As with other such efforts in other states, A.B. 51 was quickly enjoined from going into effect by a federal court, finding that the state statute was preempted by the Federal Arbitration Act (“FAA”). Similar orders have been entered by federal and state courts in Kentucky, New York, and Washington State, following the enactment of similar anti-arbitration statutes in those states.

Receiving much less notoriety is the fact that Arizona, normally viewed as a “pro-employer” state for employment law purposes, has had a state statute on its books since at least 1962 (i.e. almost 50 years) that expressly prohibits the enforcement of arbitration agreements between employers and employees. This prohibition was most recently re-enacted by the Arizona Legislature in 2011.  See A.R.S.  § 12-3003 (2011).
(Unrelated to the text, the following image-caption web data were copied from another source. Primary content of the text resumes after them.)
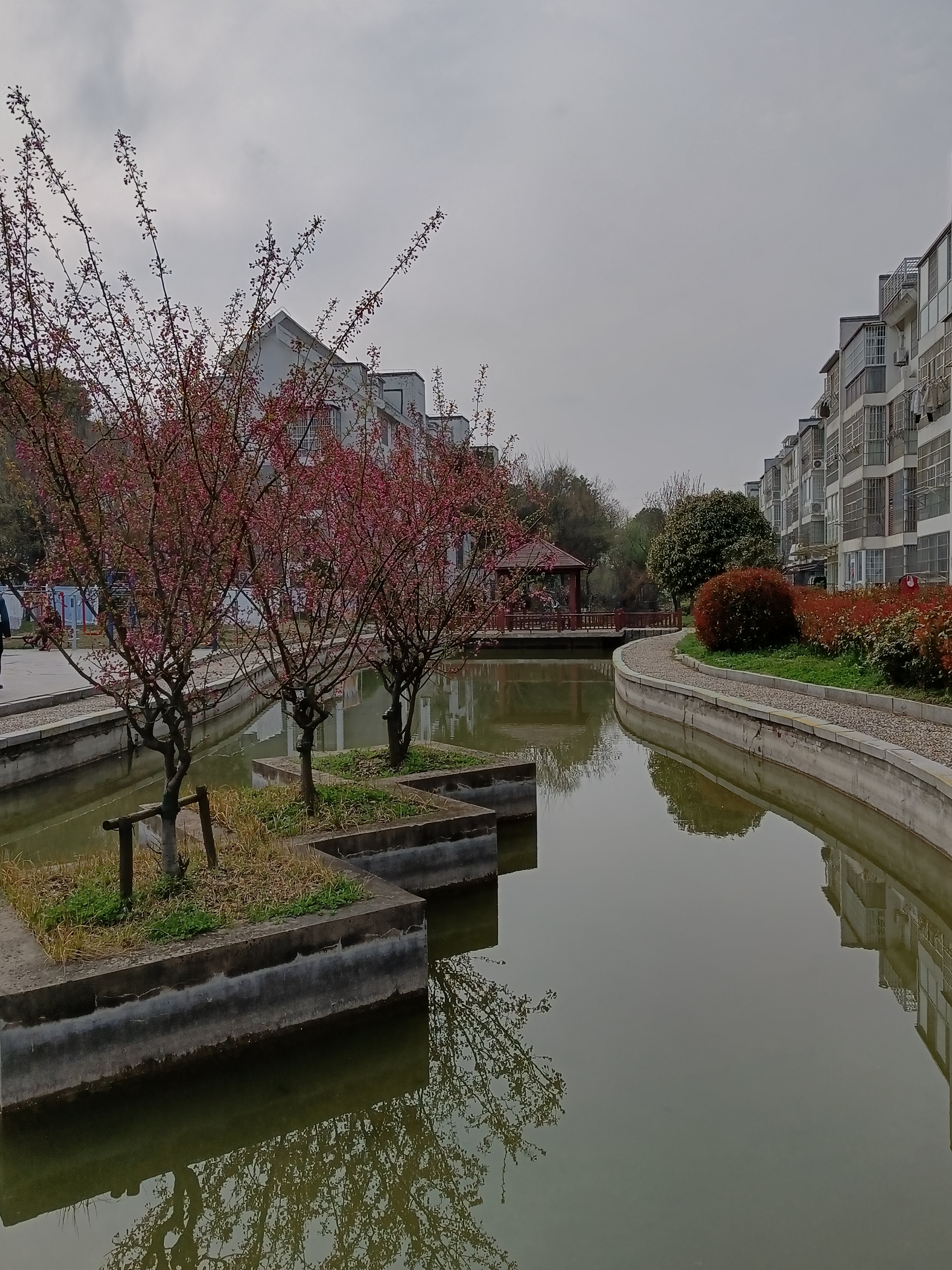 我平时很少往这四个安置小区溜.这四个安置小区地势最好在新一中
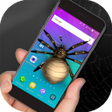 Icon of program: Spider in phone prank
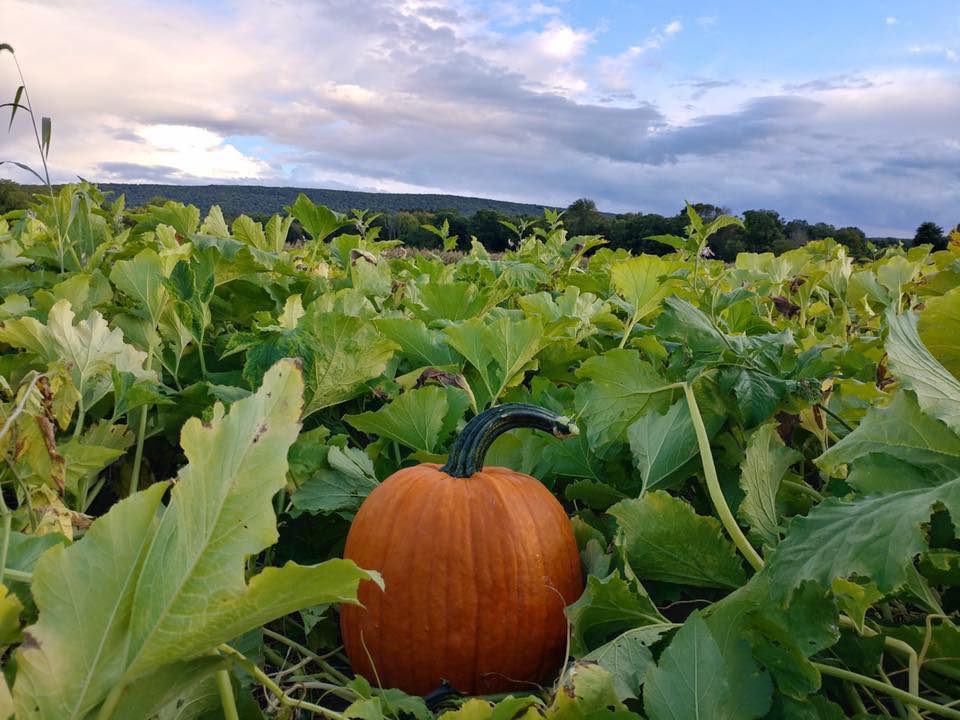 Klingel's Farm, pumpkins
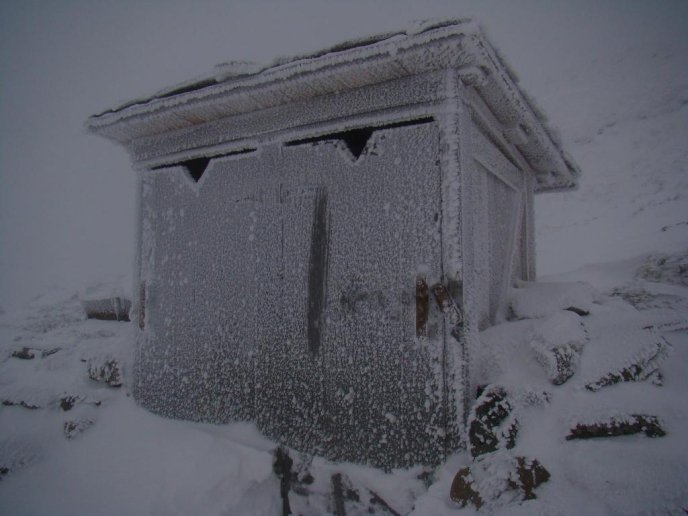 У горах Закарпаття – до 35 сантиметрів снігу, а на низовині зацвів бузок – 06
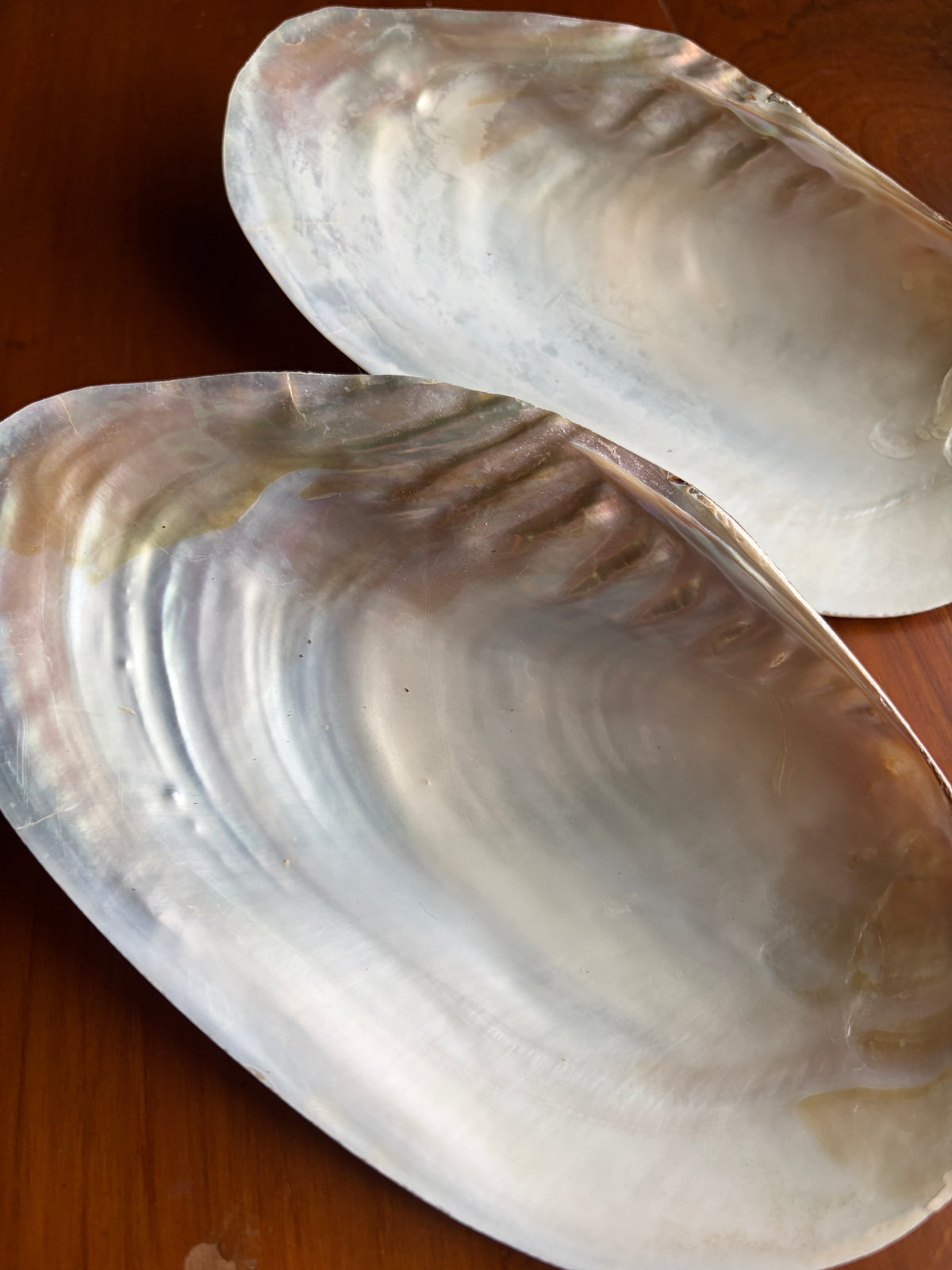 Mexican Abalone Shell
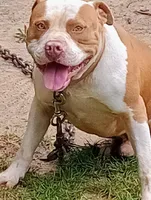 processed/b6979056-0d7b-467f-836b-0a41d6b57dc9/facility/6577f8a5-e8ae-49d0-ba75-1dd85e4b715b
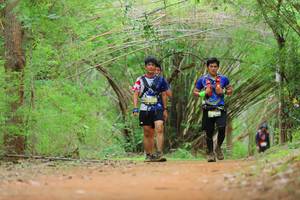 BIB: 5226
                            <button type="button" onclick="openModal(4442326)" class="btn btn-primary btn-sm float-right btn-popup" data-toggle="modal" data-target=".modal-high-quality">
                        <i class="fas fa-shopping-cart"></i> Add to Cart
                    </button>
                                            <button type="button" onclick="isThisMe(4442326, true)" class="btn btn-success btn-sm float-right btn-popup btn-isme hidden" data-toggle="tooltip" data-placement="bottom" title="นี่คือรูปของคุณใช่ไหม คลิกที่นี่เพื่อเอาเข้าอัลบั้ม">
                        <i class="fas fa-plus"></i> Add to album
                    </button>
                    <button type="button" onclick="isThisMe(4442326, false)" class="btn btn-warning btn-sm float-right btn-popup btn-isnotme hidden">
                        <i class="fas fa-ban"></i> Remove from album
                    </button>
Unlike the recent California Legislature’s attempt at restricting mandatory arbitration agreements between employer and employees, this nearly 50-year old Arizona statute has never been enjoined from being enforced. Indeed, as recently as 2017, the Arizona Appellate Court enforced this Arizona statute under the following circumstances. Even though the employer seeking to compel enforcement of the employment arbitration agreement had argued at the trial court level that the Arizona statute is preempted by the FAA, its Motion to Compel Arbitration was denied. The Court of Appeals affirmed the denial, holding that the FAA applies only to employers engaged in interstate commerce and that the employer in that case had failed to plead and prove at the trial court level that it was engaged in interstate commerce. See Shield Security, LLC v. Lionheart Security LLC, 2017 WL 4897460.

Two conclusions are in order:  (1)  Arizona is one of the few (only?) states to have on its books a statute prohibiting arbitration agreements between employers and employees; and (2) in order to avoid the application of this archaic statute, litigants need to ensure that they plead in their initial pleadings, and offer some proof, that the employer in question is engaged in interstate commerce.